Nas suas derradeiras horas de vida, Deise Moura dos Anjos escreveu cartas, de forma desconexa, dentro da prisão na qual estava recolhida por suspeita de assassinar quatro familiares e de outras sete tentativas de homicídio não concretizadas. Apesar dos consistentes indícios de que premeditou tudo, ela culpa a sogra, Zeli dos Anjos (uma das vítimas sobreviventes) pelo infortúnio. Pouco antes de tirar a própria vida, se enforcando na cela, Deise redigiu uma mensagem destinada à mãe do seu marido:
"Muito obrigada por esses 20 anos que fez da minha vida de casada um inferno. Mais uma vez eu sou a vilã e você a mocinha. Conseguiu ficar com tudo: meu filho, minha casa..."
É uma fantástica inversão dos fatos, já que abundam provas de que Deise tentou duas vezes matar a sogra por envenenamento de comida - e falhou, nas duas. O ódio seria porque considerava a sogra invasiva. Como não media consequências dos atos (e há inúmeros relatos indicando isso), tudo indica que acabou assassinando, ao colocar veneno em alimentos, quatro outros familiares (o marido de Zeli, duas irmãs dela e uma sobrinha)

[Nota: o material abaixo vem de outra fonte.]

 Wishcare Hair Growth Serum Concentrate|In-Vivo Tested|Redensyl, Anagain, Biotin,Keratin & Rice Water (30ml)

Há indícios técnicos também de que, na perseguição a quem a contrariava, Deise tentou matar o marido com arsênio, o mesmo veneno usado para assassinar os demais, que comeram um bolo preparado com esse produto químico. Só que a dosagem foi baixa e ele sobreviveu ao suco envenenado. Talvez sem premeditar, ela também envenenou o filho, que tomou a mesma bebida destinada ao pai.
Tudo isso eu e você sabemos porque a investigação da Polícia Civil e do Instituto-Geral de Perícias (IGP) foi exemplar. Uma aula digna das séries CSI que passam na TV.
O delegado Marcos Veloso, de Torres (onde morreram três das quatro vítimas envenenadas), agiu com a cautela necessária. Afinal, não era um caso envolvendo bandidos, mas uma desavença familiar que poderia (ou não) ter derivado para assassinatos. A partir dos primeiros depoimentos indicando que Deise tinha sérios problemas de relacionamento com os parentes do marido, Veloso pediu a prisão cautelar dela e conseguiu - mas voltou atrás. Desistiu de prendê-la, nos primeiros dias, à espera de provas materiais.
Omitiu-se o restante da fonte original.